Partition by Primary Key

Users table, partitioned by user_id:

Partition 1: user_id 1-1000
Partition 2: user_id 1001-2000
Partition 3: user_id 2001-3000

Query: SELECT * FROM users WHERE user_id = 1500
  → Goes to Partition 2 only ✓

Query by Non-Partition Column

Query: SELECT * FROM users WHERE email = 'alice@example.com'

Problem: email is not the partition key
  - Which partition has this email?
  - Must check ALL partitions (scatter-gather)
  
Without secondary index: O(N) partitions scanned
With secondary index: O(1) or O(few) partitions

Local Secondary Indexes

Concept

Each partition maintains its own index for local data.

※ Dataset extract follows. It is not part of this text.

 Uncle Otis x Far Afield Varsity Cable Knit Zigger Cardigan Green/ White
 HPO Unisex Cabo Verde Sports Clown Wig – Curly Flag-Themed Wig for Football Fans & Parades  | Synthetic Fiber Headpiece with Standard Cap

Partition 1:                    Partition 2:
┌─────────────────────────┐    ┌─────────────────────────┐
│ Data:                   │    │ Data:                   │
│  user_id=1, email=a@x   │    │  user_id=1001, email=d@x│
│  user_id=2, email=b@x   │    │  user_id=1002, email=e@x│
│  user_id=3, email=c@x   │    │  user_id=1003, email=f@x│
│                         │    │                         │
│ Local Index (email):    │    │ Local Index (email):    │
│  a@x → user_id=1        │    │  d@x → user_id=1001     │
│  b@x → user_id=2        │    │  e@x → user_id=1002     │
│  c@x → user_id=3        │    │  f@x → user_id=1003     │
└─────────────────────────┘    └─────────────────────────┘

Write Path

INSERT user (id=1500, email='new@example.com')

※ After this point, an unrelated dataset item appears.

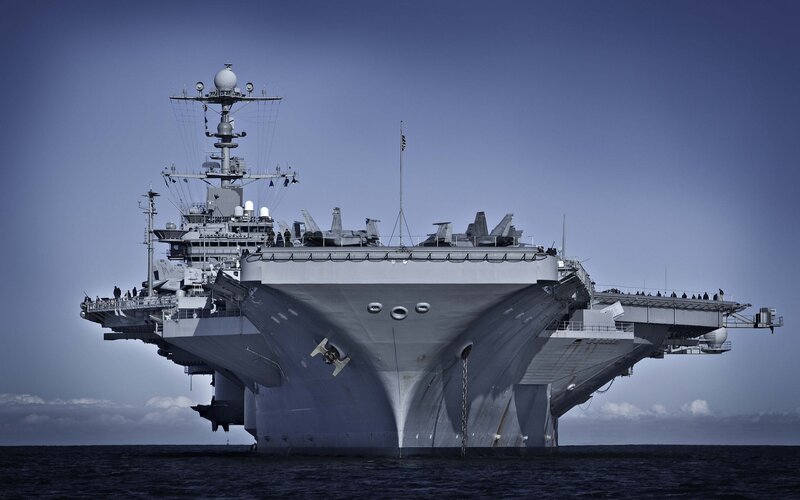 Aircraft Carrier at Sea — Gray, Dramatic, Photograph, Ship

1. Route to Partition 2 (based on id=1500)
2. Insert data row
3. Update local email index on Partition 2

Single partition operation ✓

Read Path

SELECT * FROM users WHERE email = 'alice@example.com'

1. Don't know which partition has this email
2. Query ALL partitions' local indexes
3. Aggregate results

Scatter-gather to all partitions ✗

Trade-offs

AspectLocal Index
Write performanceFast (single partition)
Read performanceSlow (all partitions)
ConsistencyStrong (same partition)
Index maintenanceSimple
Hotspot riskNone (distributed)

Use Cases

  • Write-heavy workloads
  • Queries often include partition key
  • Analytics queries (expect scatter-gather)
  • Low-cardinality columns (few matches per partition)

Global Secondary Indexes

Concept

Index partitioned separately from data.

Data Partitions:                Index Partitions (by email hash):
┌───────────────┐              ┌───────────────────────────┐
│ Partition 1   │              │ Index Partition 1 (a-m)   │
│ user_id 1-1000│              │  alice@x → user_id=5      │
└───────────────┘              │  bob@x → user_id=1500     │
┌───────────────┐              │  carol@x → user_id=2500   │
│ Partition 2   │              └───────────────────────────┘
│ user_id 1001- │              ┌───────────────────────────┐
│         2000  │              │ Index Partition 2 (n-z)   │
└───────────────┘              │  ned@x → user_id=42       │
┌───────────────┐              │  zoe@x → user_id=999      │
│ Partition 3   │              └───────────────────────────┘
│ user_id 2001- │
│         3000  │
└───────────────┘

Write Path

INSERT user (id=1500, email='bob@example.com')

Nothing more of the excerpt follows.